Coronelismo, só na ficção
Ainda na novela das sete, outra mulher empoderadíssima rouba a cena. Coronela (Solange Couto) comanda a pensão com mãos de ferro, não à toa, recebeu a alcunha _ referência ao Coronel, seu falecido marido. Sem papas na língua e cheia de sensualidade, ela joga charme para os hóspedes sem se preocupar com o que os outros irão pensar. Nem mesmo a filha, a tenente linha-dura Waleska (Carol Castro), é capaz de frear os exageros da mãe.
Já Solange Couto, intérprete de Coronela, prefere manter uma linha moderada entre o machismo e o feminismo.
— Não lido bem com nenhuma posição radical, tenha ela a idade que tiver. Machismo ou feminismo ditador não funcionam comigo, sigo e faço o que acho bom — contou ela, por e-mail.
Casada há quase uma década com Jamerson Andrade, a atriz acredita que, em uma relação, o fundamental é a parceria.
— Sou casada há nove anos e, mesmo tendo posição sobre o que fazer, consulto e divido com meu marido a finalização de tudo. Assim, participamos e dividimos a vida no total — diz Solange.
Grito de liberdade
Em Segundo Sol, Agenor (Roberto Bonfim) não nasceu em 1886, mas tem uma mentalidade típica do século retrasado. "Mulher minha não trabalha fora", "Não sou pai de aberração" (referindo-se à filha lésbica, Maura, vivida por Nanda Costa), "Quem manda nessa casa sou eu", entre outros absurdos, já foram proferidos pelo personagem.
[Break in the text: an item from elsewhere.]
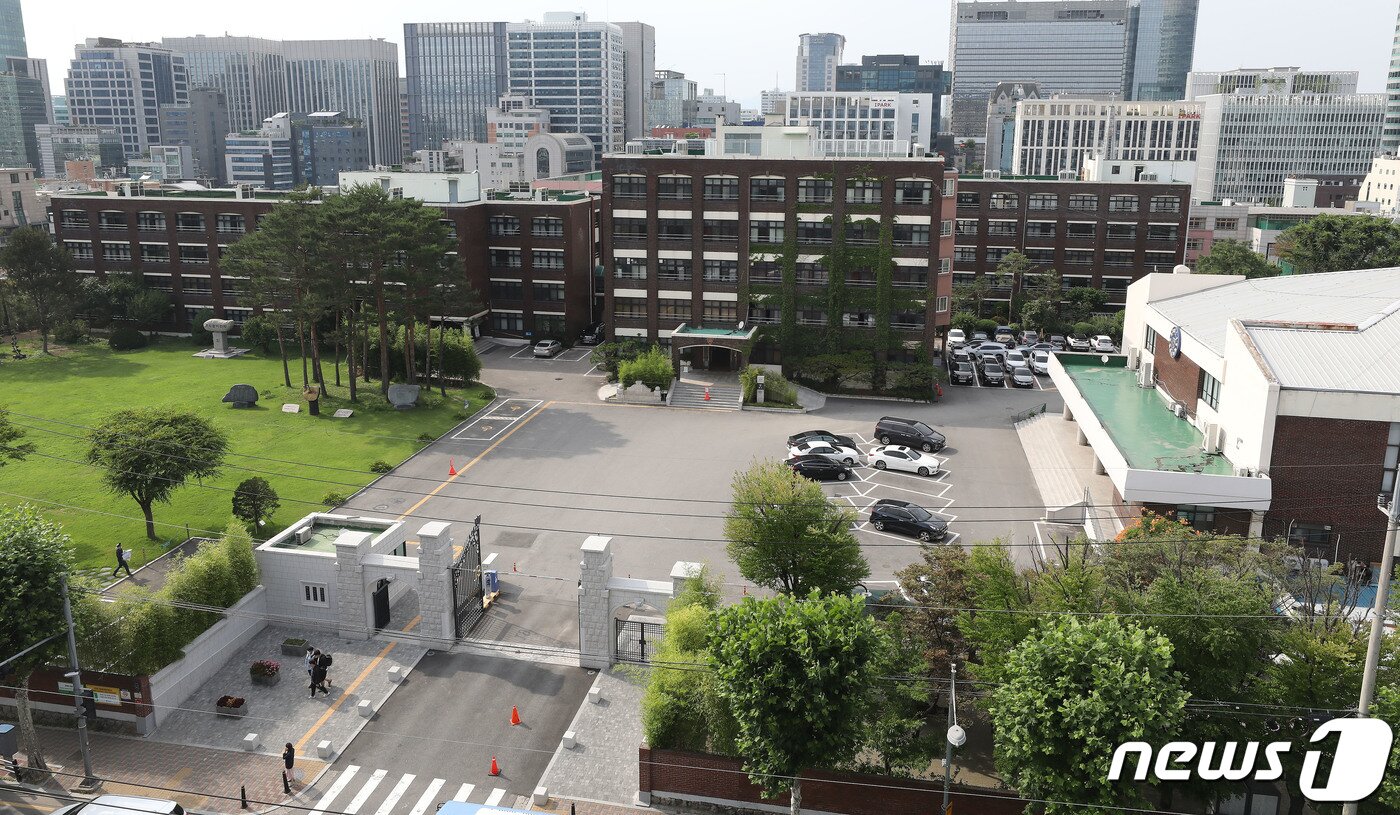 본문 이미지 - 서울 강남구 휘문고등학교./뉴스1 ⓒ News1 임세영 기자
Até outro dia, Nice (Kelzy Ecard) se submetia aos desmandos do marido e baixava a cabeça para as ordens dele. Mas esta situação começou a mudar.
Desde que conseguiu emprego no restaurante de Cacau (Fabiula Nascimento), Nice experimenta o gostinho de se sentir útil e, de quebra, ganhar seu próprio dinheiro. Assim, empoderada e corajosa como nunca, ela encheu a boca para responder aos desaforos do marido brutamontes:
— Tô me sentindo gente, sim! Tô me sentindo útil! Tô feliz que os clientes gostam de minha comida, que eu ganho bem — mais que você, por sinal!
A cena, que foi ao ar no dia 18 de agosto, provocou uma repercussão enorme nas redes sociais. O público comemorou o momento "Nice afrontosa".
O jogo virou
O grande tombo de Agenor ainda estaria por vir. No capítulo de quarta-feira, Cacau flagrou o malandro tentando sabotar a própria esposa. O resultado: olho da rua. Restou ao machão, cabisbaixo e submisso, pedir uma nova chance à mulher que tanto humilhou. Nice cedeu, mas deixou bem claro quem dá as cartas a partir de agora. Ela ainda tem muitos degraus a galgar em sua luta pela independência, mas já deu os primeiros passos contra a tirania.
O caso de Nice e Agenor, infelizmente, não é mera obra de ficção. Na vida real, muitas mulheres vivem este tipo de relacionamento tóxico, do qual não conseguem se livrar.
— A subordinação acaba sendo um modo de acomodação, que não faz as pessoas pensarem sobre si mesmas e sua relação com o outro — explica a psicóloga Denise Quaresma, da Feevale.
Dona Naná e seus dois amores
E por falar em confusão, esta é a palavra que melhor rima com a família Falcão. Além das armações envolvendo a falsa morte de Beto (Emilio Dantas), as falcatruas de Remy (Vladimir Brichta) e os dilemas amorosos de Ionan (Armando Babaioff) e Clóvis (Luis Lobianco), é a matriarca desse clã quem tem dado o que falar.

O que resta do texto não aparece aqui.